_What you have to do_
Print verbatim the opening line of the material and every subsequent line through the one containing "Washington Huskies HD".

★ ★ ★ ★ ★

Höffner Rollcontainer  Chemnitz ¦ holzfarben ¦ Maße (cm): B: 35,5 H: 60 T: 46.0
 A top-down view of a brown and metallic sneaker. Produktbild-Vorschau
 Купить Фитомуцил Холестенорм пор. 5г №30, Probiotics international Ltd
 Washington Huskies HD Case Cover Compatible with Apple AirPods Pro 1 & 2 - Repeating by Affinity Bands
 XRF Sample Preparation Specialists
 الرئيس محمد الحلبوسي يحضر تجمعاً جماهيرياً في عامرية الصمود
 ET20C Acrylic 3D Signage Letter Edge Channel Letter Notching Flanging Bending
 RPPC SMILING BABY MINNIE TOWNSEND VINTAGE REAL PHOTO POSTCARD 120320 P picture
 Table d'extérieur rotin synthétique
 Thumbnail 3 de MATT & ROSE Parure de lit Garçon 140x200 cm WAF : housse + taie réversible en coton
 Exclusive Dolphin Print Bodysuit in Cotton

★ ★ ★ ★ ★

_Solution for this problem_
Höffner Rollcontainer  Chemnitz ¦ holzfarben ¦ Maße (cm): B: 35,5 H: 60 T: 46.0
 A top-down view of a brown and metallic sneaker. Produktbild-Vorschau
 Купить Фитомуцил Холестенорм пор. 5г №30, Probiotics international Ltd
 Washington Huskies HD Case Cover Compatible with Apple AirPods Pro 1 & 2 - Repeating by Affinity Bands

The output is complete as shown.